Wife, student, new first time mother. Crafter and creator. Animal enthusiast. I had a miscarriage in March 2011. But we tried again. March, 2012 was the birth of my first child. Off and on I have been dabbling with small business, trying to get it off the ground since, every so often changing direction.

8 thoughts on “I was just Bible-Thumped.”

  1. I know I’m commenting on my own post, but I feel this is necessary.

    Apparently it’s MY fault that the whole exchange even went past the first line because I responded to it.

    Really? That’s how you want to justify your actions? By disrespecting my polite request to drop it? It’s my fault, because I made a polite and sincere acknowledgement of the offer, but politely declined and requested to not continue, knowing that if I did anything else, I would continue to get the messages, no matter what?

    Really? Apparently I should have just ignored it. Which to me, is the ruder option, so I didn’t.

    Apparently I should have ignored it and just ended up enduring even more posts later on, because I can guarantee, GUARANTEE, I would have gotten more, considering this person has continuously pestered friends of mine over the same thing! Regardless of the response they recieved, they continue to press their beliefs on those of us who are not interested.

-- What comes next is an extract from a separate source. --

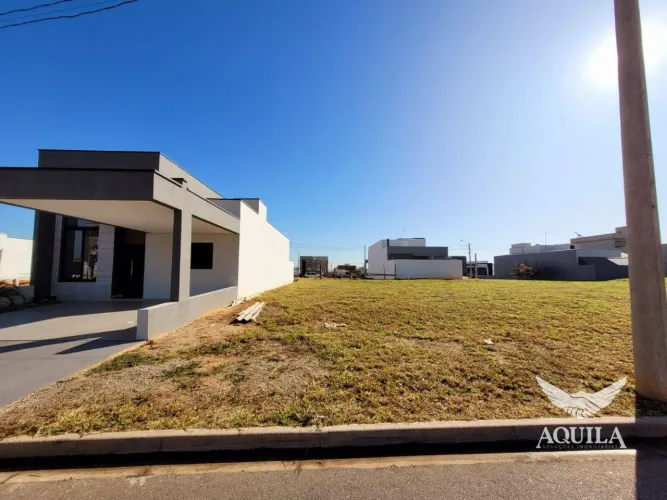TERRENO PLANO COM 150 m² NO CONDOMÍNIO HORTO FLORESTAL VILLAGIO - SOROCABA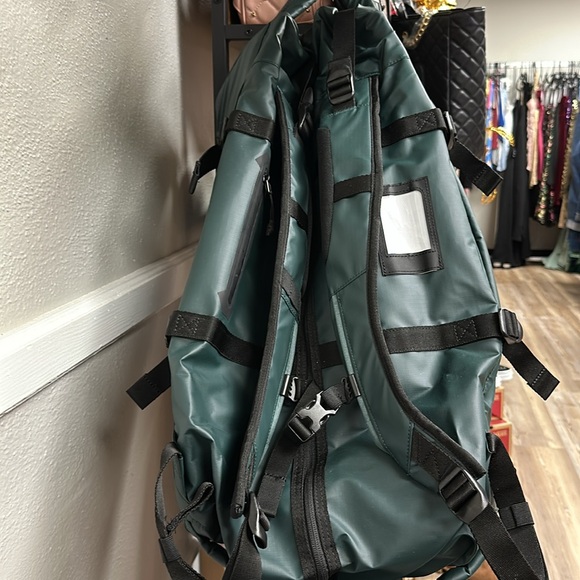 Oakley 70l road trip bag/backpack. NWT - Picture 3 of 9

    I do not understand how a person can feel good about themselves, or their beliefs when they are so skewed and so self-absorbed.

  2. I just had a similar experience with someone that we went to high school with from my class. He asked me “Do you believe in God? And if so, have you relied on him?” I told him that was a strange question and that I don’t need to depend on God for my day to day. Its not what I believe, I do believe that there is a God, but I also believe that he wants us to be independent, live a good life, and to help others. He is there to guide, not do for us. I was told that I was “wrong or mistaken”, I returned with “I’m not wrong, its what I believe. Its based on an opinion, and opinions are never wrong.”

    I find your comments refreshing, and really struck a cord with how I was feeling in that situation. It is your right to believe or not to believe, and no one can tell you otherwise. Its why born-agains make me so infuriated sometimes.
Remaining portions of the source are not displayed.